◆ Dataset content:
=== Section Start ===

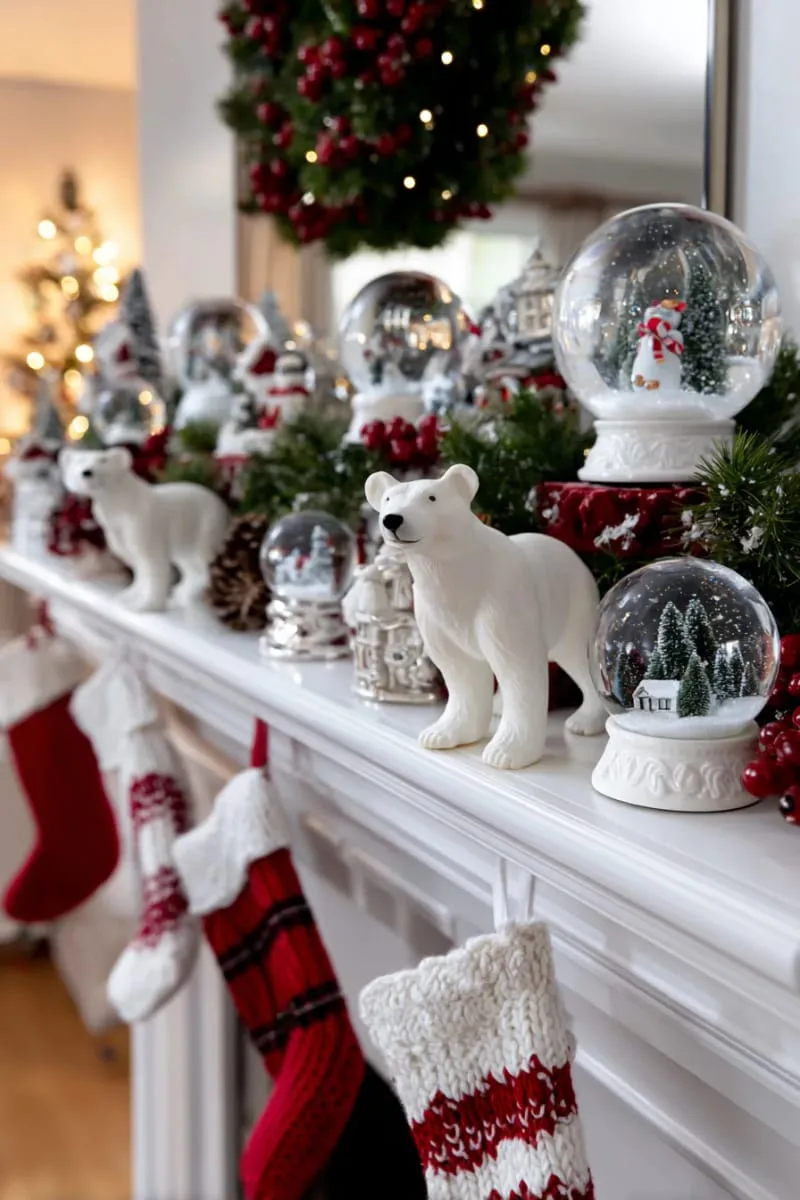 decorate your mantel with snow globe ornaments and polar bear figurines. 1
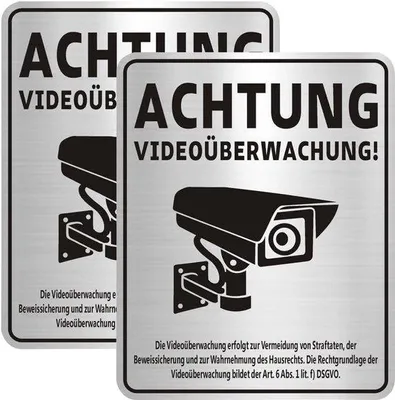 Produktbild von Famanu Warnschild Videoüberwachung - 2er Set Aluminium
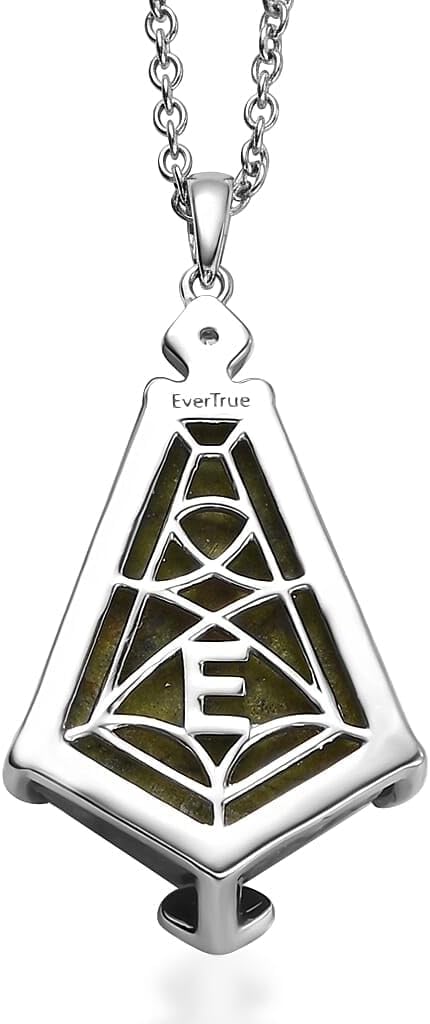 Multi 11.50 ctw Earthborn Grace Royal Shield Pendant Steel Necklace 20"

=== Section End ===

◆ What the exercise asks:
Your output should be only the lines from the line with "Produktbild von Famanu" through the end of the data, exactly as they stand, and no pictures.

◆ Exercise response:
 Produktbild von Famanu Warnschild Videoüberwachung - 2er Set Aluminium
 Multi 11.50 ctw Earthborn Grace Royal Shield Pendant Steel Necklace 20"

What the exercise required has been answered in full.